Zuppa di Fagioli Borlotti: A Comforting Italian Bean Soup
Zuppa di Fagioli Borlotti
Equipment
- Equipment Needed: Large pot, wooden spoon, knife, cutting board, measuring cups and spoons, immersion blender (optional).
Ingredients
- Ingredients
- 2 cups Borlotti beans dried or canned; if using dried, soak them overnight
- 2 tablespoons olive oil
- 1 medium onion chopped
- 2 garlic cloves minced
- 2 medium carrots diced
- 2 celery stalks diced
- 1 can 14 oz diced tomatoes (or 2 fresh tomatoes, chopped)
- 4 cups vegetable broth or chicken broth
- 1 bay leaf
- 1 teaspoon dried thyme
- Salt and pepper to taste
- Fresh parsley chopped (for garnish)
- Grated Parmesan cheese optional, for serving
Instructions
- Method
- Step 1: Prepare the Beans
- If you're using dried Borlotti beans, soak them overnight in plenty of water. Drain and rinse them before cooking.

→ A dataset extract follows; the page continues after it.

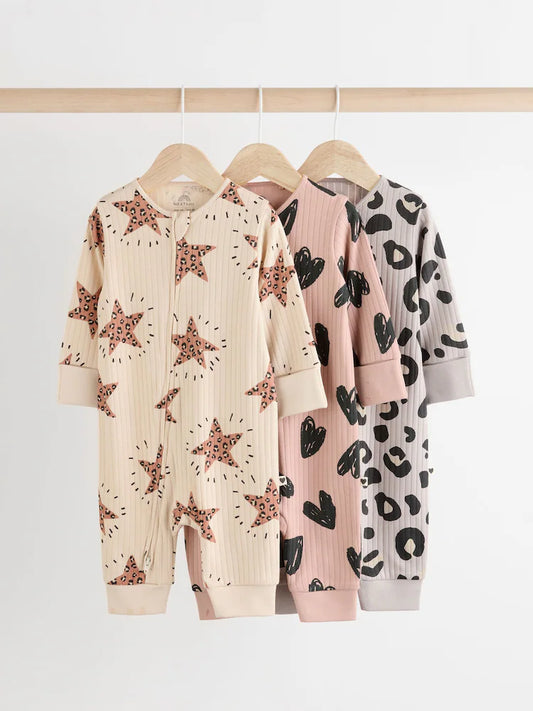 Brown Two Way Zip Footless Sleepsuits 3 Pack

If using canned beans, simply drain and rinse them to remove excess sodium.
- Step 2: Sauté the Vegetables
- In a large pot, heat the olive oil over medium heat. Add the chopped onion and sauté until translucent, about 5 minutes. Then, add the minced garlic, diced carrots, and diced celery, cooking for an additional 5-7 minutes until the vegetables soften.
- Step 3: Add Tomatoes and Beans
- Stir in the diced tomatoes, along with the soaked (or canned) Borlotti beans. Mix well to combine all the ingredients.

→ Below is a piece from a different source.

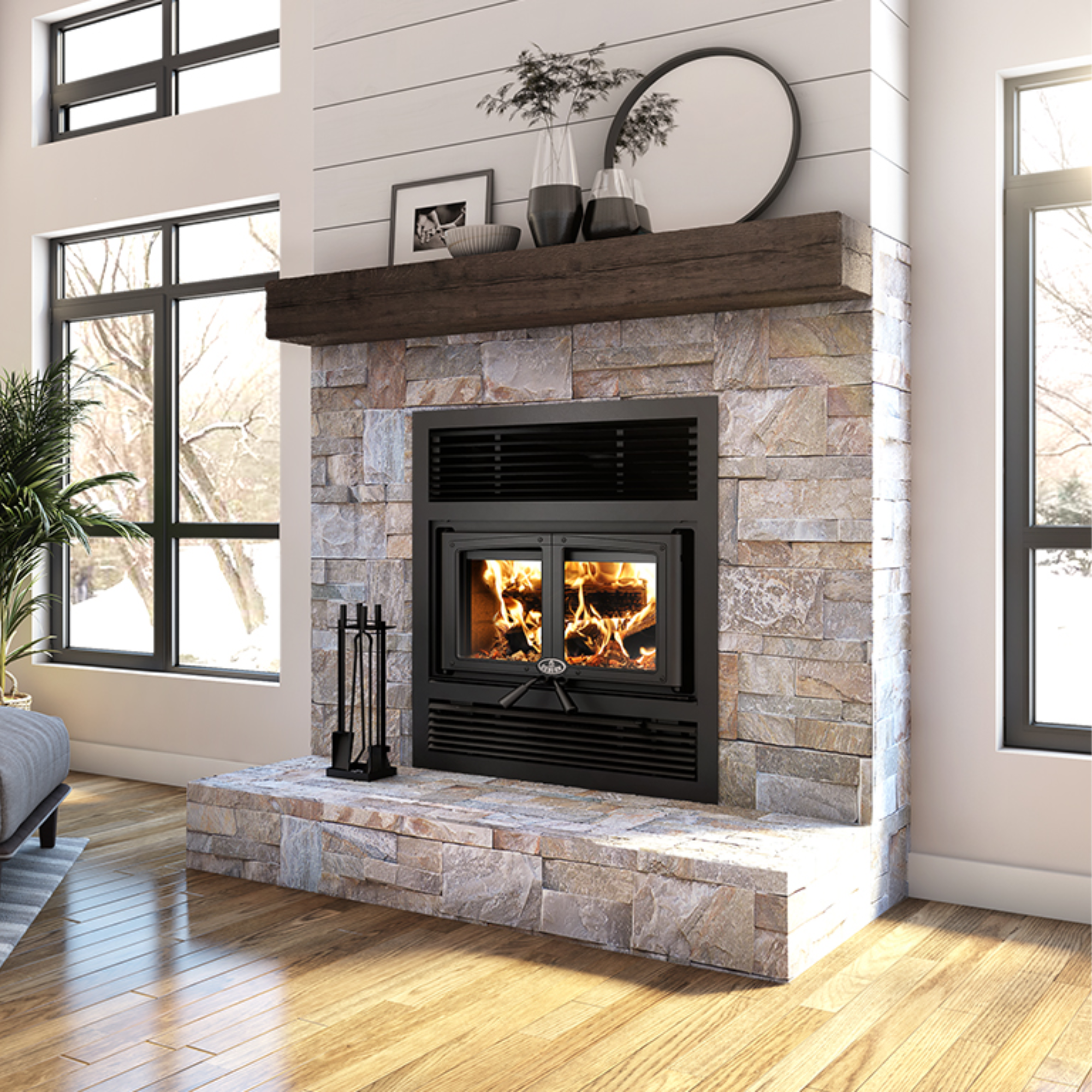 Osburn Everest II High-Efficiency Fireplace Bundle — Rise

- Step 4: Add Broth and Seasonings
- Pour in the vegetable broth, add the bay leaf, and sprinkle in the dried thyme. Bring the mixture to a boil, then reduce the heat to low. Simmer the soup for about 1 hour, or until the beans are tender (if using dried beans, it may take longer).
- Step 5: Blend (Optional)
- After the beans are tender, you can use an immersion blender to puree some of the soup for a creamier texture while leaving some beans whole for added texture. This step is optional and depends on your texture preference.

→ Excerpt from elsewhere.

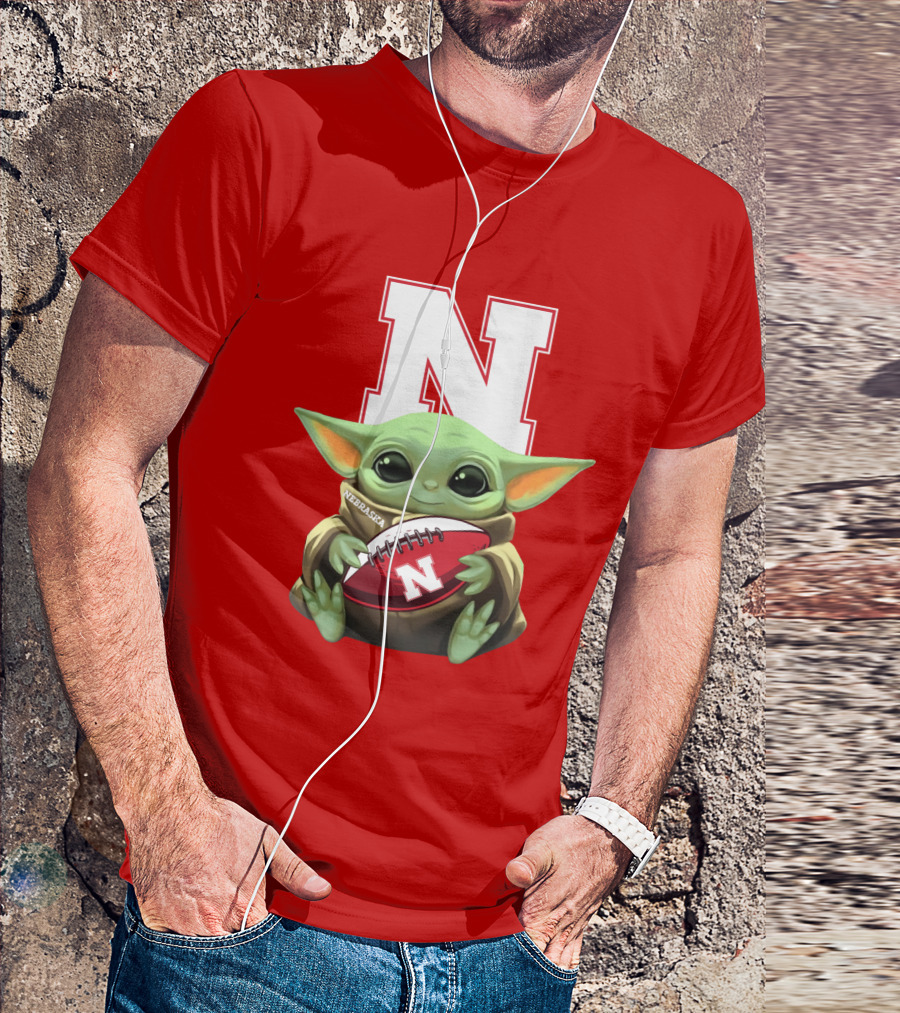 Baby Yoda Nebraska Cornhuskers Football Fan Icon With N T-Shirt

- Step 6: Season and Serve
- Remove the bay leaf, and season the soup with salt and pepper to taste. Ladle the soup into bowls, garnish with chopped parsley, and sprinkle with grated Parmesan cheese if desired.
- Variations
- Add Greens: Stir in some chopped kale or spinach in the last 10 minutes of cooking for added nutrients.
- Spicy Version: Add red pepper flakes for a bit of heat.
- Meat Option: For a heartier soup, add diced pancetta or Italian sausage during the sautéing step.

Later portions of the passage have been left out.